In St. Paul, the local team gave the Shamrocks a genuine scare in a “hotly contested” game at Lexington Park which ended 6-6.
Winnipeg had actually jumped ahead 6-1 by the end of the second quarter, but St. Paul replied during the next two quarters with five unanswered goals.
“The brilliant plays made by Armstrong of the Shamrocks was a feature of the game,” the Telegram reported on July 4,” and while the St. Paul team appeared to be in better form than the visitors they could do no better than break even ... the only regret was that one side or the other could not get a decisive victory.”
Despite the game ending in a tie, it was reported as the greatest lacrosse match played in the history of St. Paul, which the Free Press said was witnessed by 2,500 spectators.
Surprisingly, Armstrong, who played so well at St. Paul, is not listed on the official roster of the International Olympic Committee as a member of the team that competed in St. Louis. What happened to him during the journey between St. Paul and Chicago is a mystery.

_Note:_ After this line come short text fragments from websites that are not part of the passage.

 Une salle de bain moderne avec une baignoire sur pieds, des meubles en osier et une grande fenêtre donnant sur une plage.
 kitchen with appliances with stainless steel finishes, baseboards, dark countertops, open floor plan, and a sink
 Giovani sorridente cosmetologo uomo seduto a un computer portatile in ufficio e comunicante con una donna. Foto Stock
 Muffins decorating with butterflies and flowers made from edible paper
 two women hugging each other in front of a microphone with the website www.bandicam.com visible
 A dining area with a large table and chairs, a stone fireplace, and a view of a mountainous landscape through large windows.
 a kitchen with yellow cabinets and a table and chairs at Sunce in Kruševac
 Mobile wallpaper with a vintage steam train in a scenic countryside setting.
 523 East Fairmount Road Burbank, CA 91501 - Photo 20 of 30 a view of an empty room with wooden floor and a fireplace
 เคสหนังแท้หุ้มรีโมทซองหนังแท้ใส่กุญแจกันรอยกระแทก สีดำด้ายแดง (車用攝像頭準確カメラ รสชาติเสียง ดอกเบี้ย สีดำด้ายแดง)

The game in Chicago was called “just practice for the Shams,” as the Winnipeg team won easily by a 14-5 score.
“The work of the Winnipegs was a revelation to the Chicago followers of the game,” said a special report from the “Windy City” on July 5. “In defensive work the visitors showed the advantage, (George) Cloutier, their goaltender, proving almost impossible to score through ... The Canadians played the most accurate passing ever seen in this city, every movement showing them to be splendid players. Their dodging and backhand shots were far superior to the Calumets (of Chicago).”

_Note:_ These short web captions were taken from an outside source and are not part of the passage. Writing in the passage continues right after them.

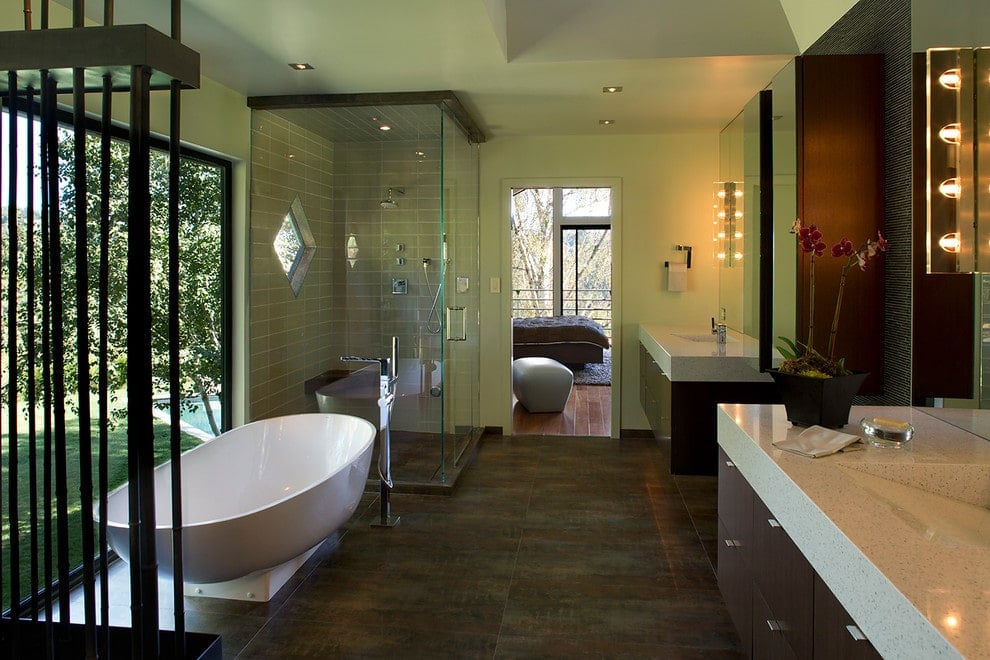 Linear glass sconces illuminate the floating sink vanities in this primary bathroom with distressed flooring and a panoramic window overlooking the lush green outdoor.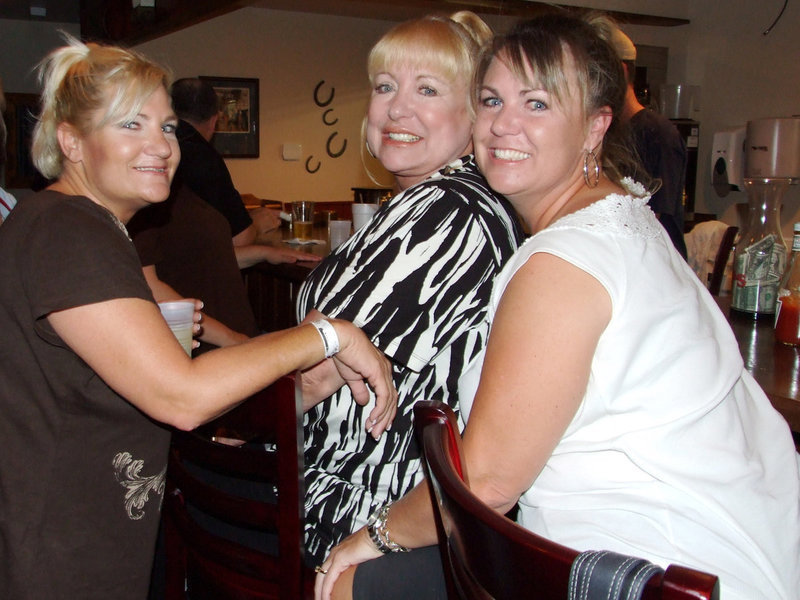 Image: Joe Kennerd’s Girls — Joe Kennerd is the owner of Miss Millie’s Restaurant and Music Hall. These are his two daughters and his wife in the middle.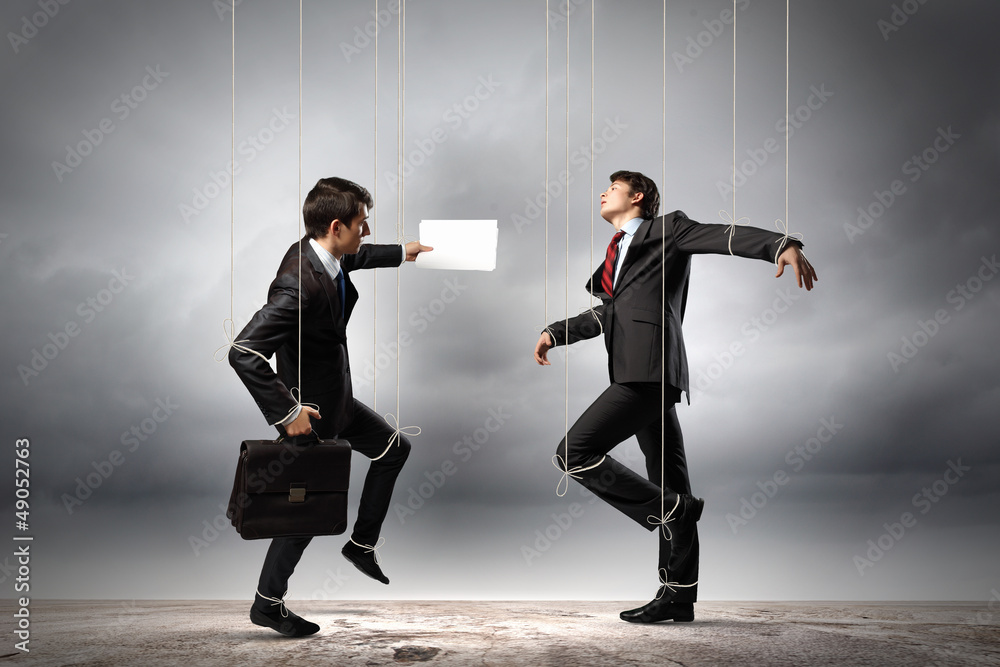 Obraz premium Puppet businesspeople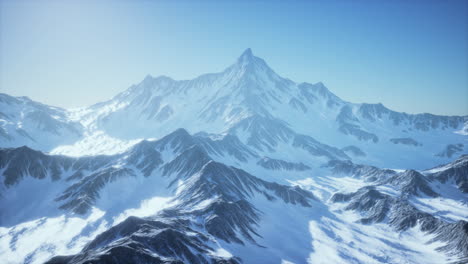 Aerial-View-from-Airplane-of-Blue-Snow-Covered-Canadian-Mountain-Landscape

The local newspaper said 3,000 fans showed up for the game, which was “easily the largest crowd ever at a lacrosse game” in Chicago.
The Shamrocks’ next stop was St. Louis, where lacrosse would be an official Olympic sport for the first time.
Actually, the Olympics were overshadowed by the World’s Fair occurring at the same time in the city. The Olympics were originally scheduled for Chicago, but the St. Louis World’s Fair committee objected to another international event occurring at the same time in the U.S. The St. Louis organizers even threatened to stage a sports competition that would eclipse Chicago’s unless the Games were moved to the “Saintly City.”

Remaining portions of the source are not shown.